> Materials provided
******

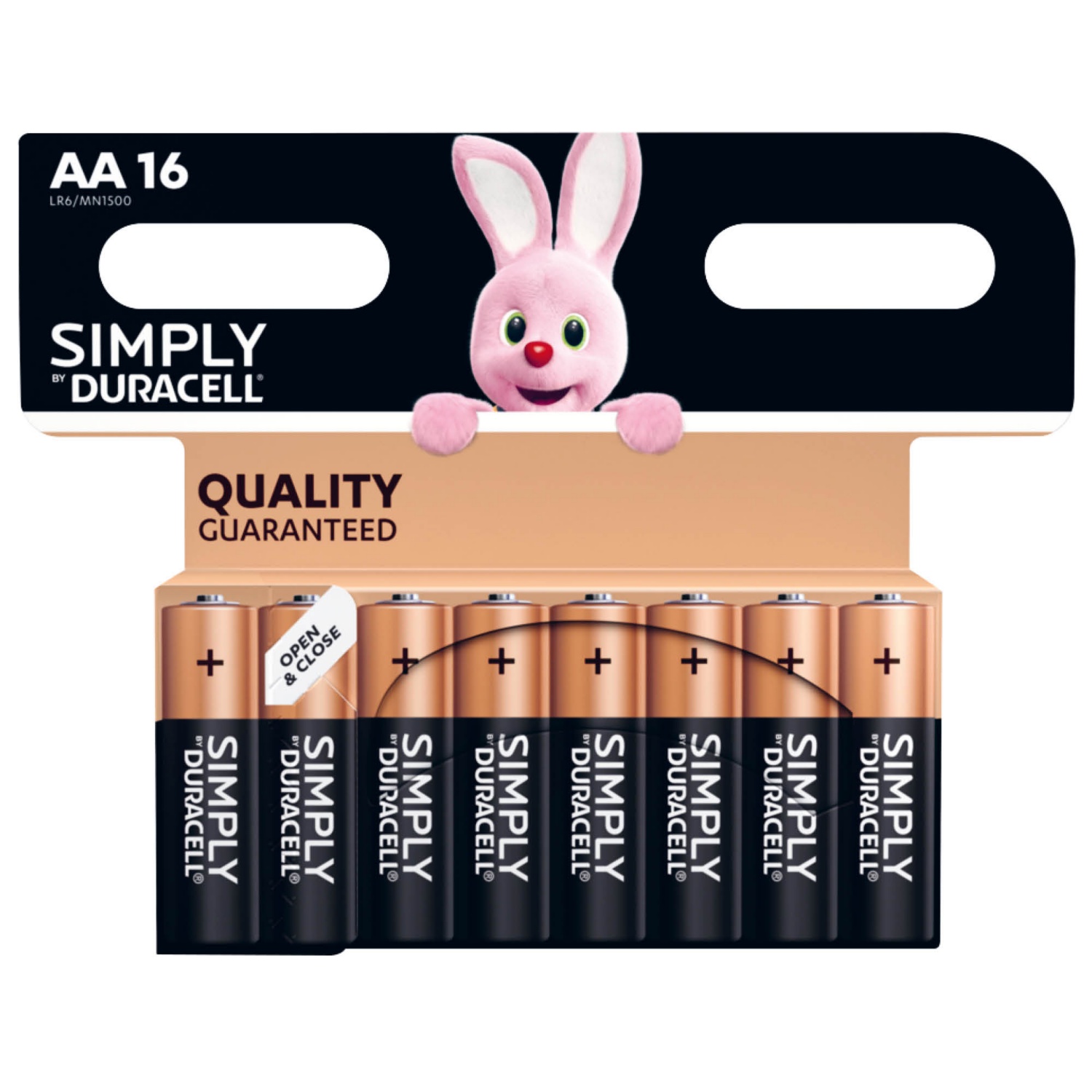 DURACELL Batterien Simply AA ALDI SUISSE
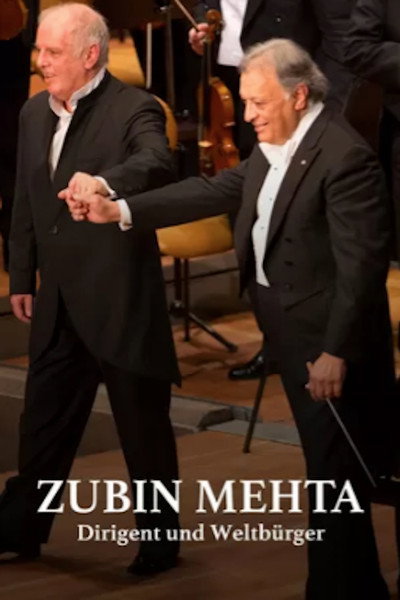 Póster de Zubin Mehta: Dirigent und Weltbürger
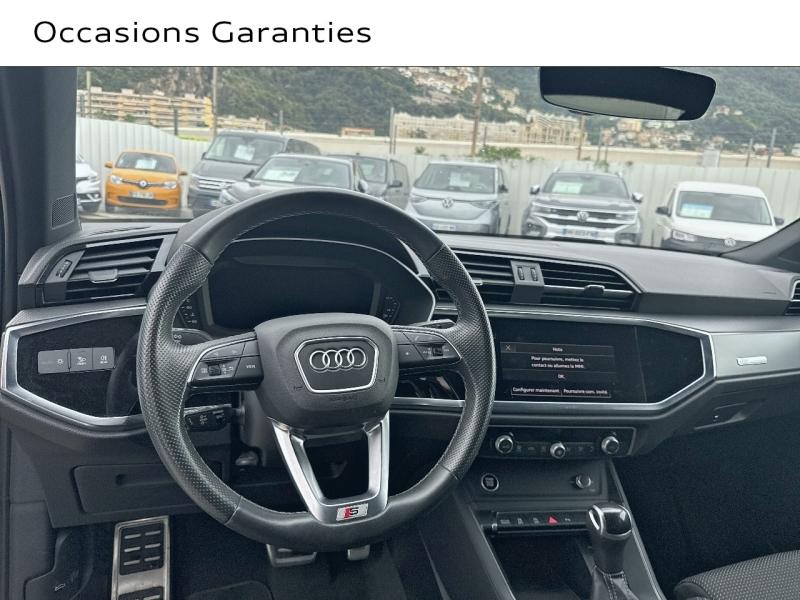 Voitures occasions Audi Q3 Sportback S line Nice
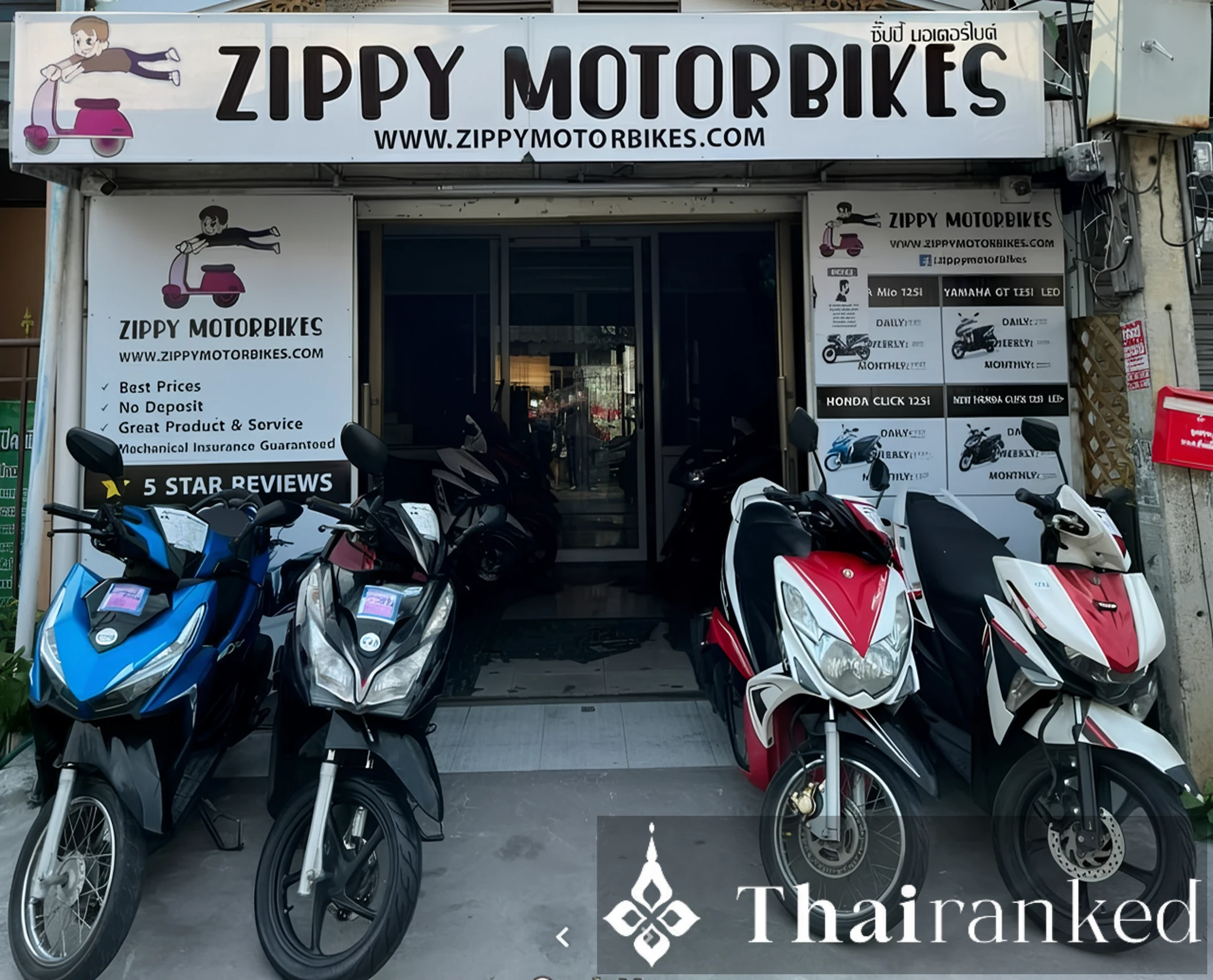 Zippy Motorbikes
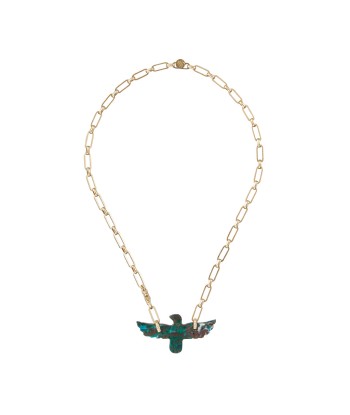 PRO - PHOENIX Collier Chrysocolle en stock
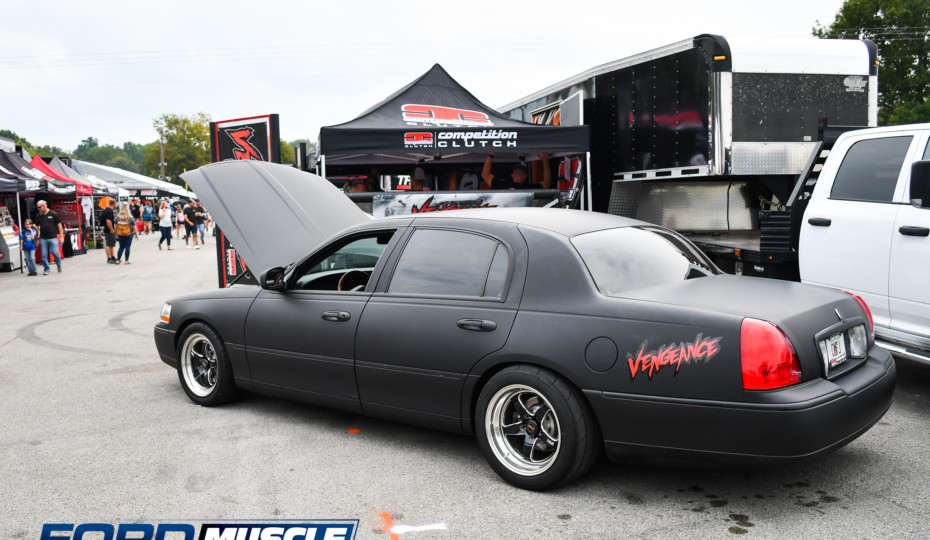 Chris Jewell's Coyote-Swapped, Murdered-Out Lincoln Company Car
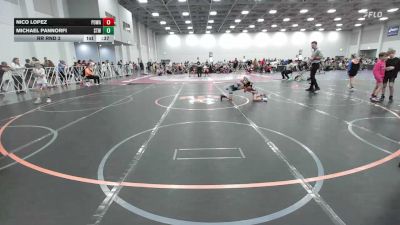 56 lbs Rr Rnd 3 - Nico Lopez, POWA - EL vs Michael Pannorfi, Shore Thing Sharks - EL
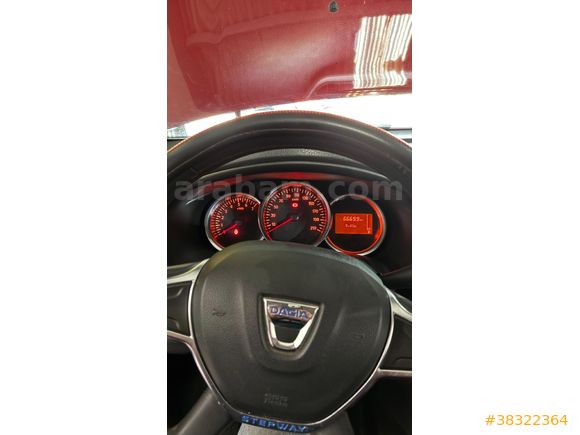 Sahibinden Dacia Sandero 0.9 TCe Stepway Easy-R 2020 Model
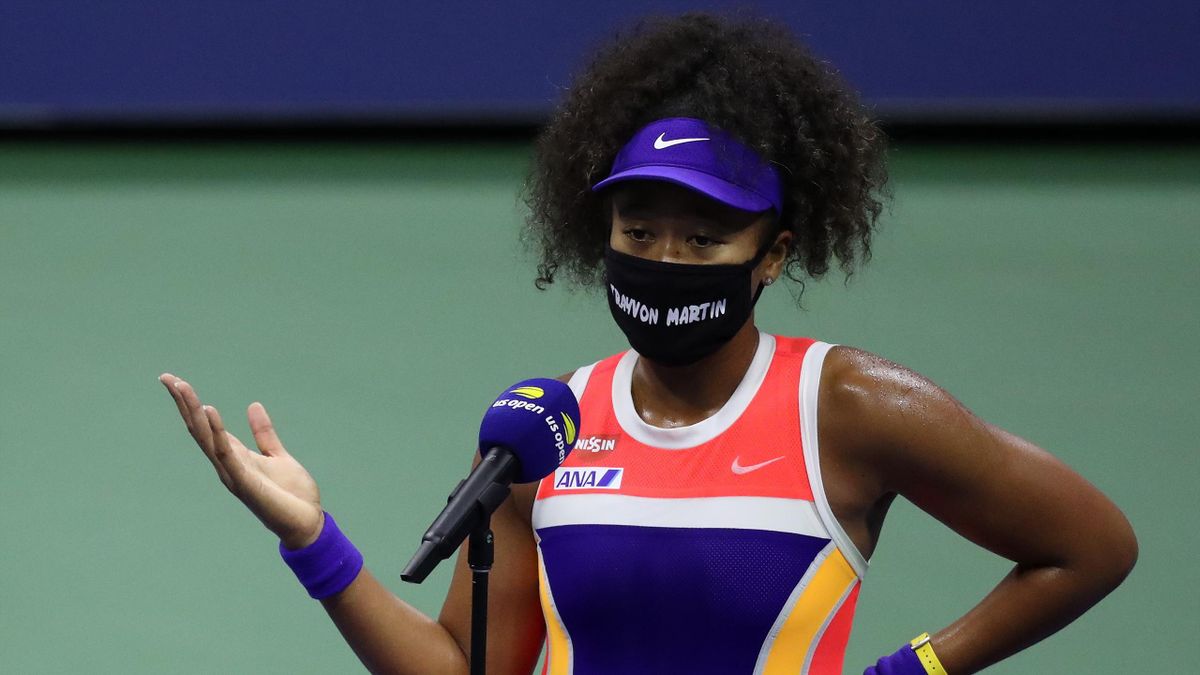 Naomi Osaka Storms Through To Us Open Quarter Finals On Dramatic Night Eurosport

******

> Exercise directions
Everything in the records except the pictures should be printed again exactly.

> Result of the exercise
 DURACELL Batterien Simply AA ALDI SUISSE
 Póster de Zubin Mehta: Dirigent und Weltbürger
 Voitures occasions Audi Q3 Sportback S line Nice
 Zippy Motorbikes
 PRO - PHOENIX Collier Chrysocolle en stock
 Chris Jewell's Coyote-Swapped, Murdered-Out Lincoln Company Car
 56 lbs Rr Rnd 3 - Nico Lopez, POWA - EL vs Michael Pannorfi, Shore Thing Sharks - EL
 Sahibinden Dacia Sandero 0.9 TCe Stepway Easy-R 2020 Model
 Naomi Osaka Storms Through To Us Open Quarter Finals On Dramatic Night Eurosport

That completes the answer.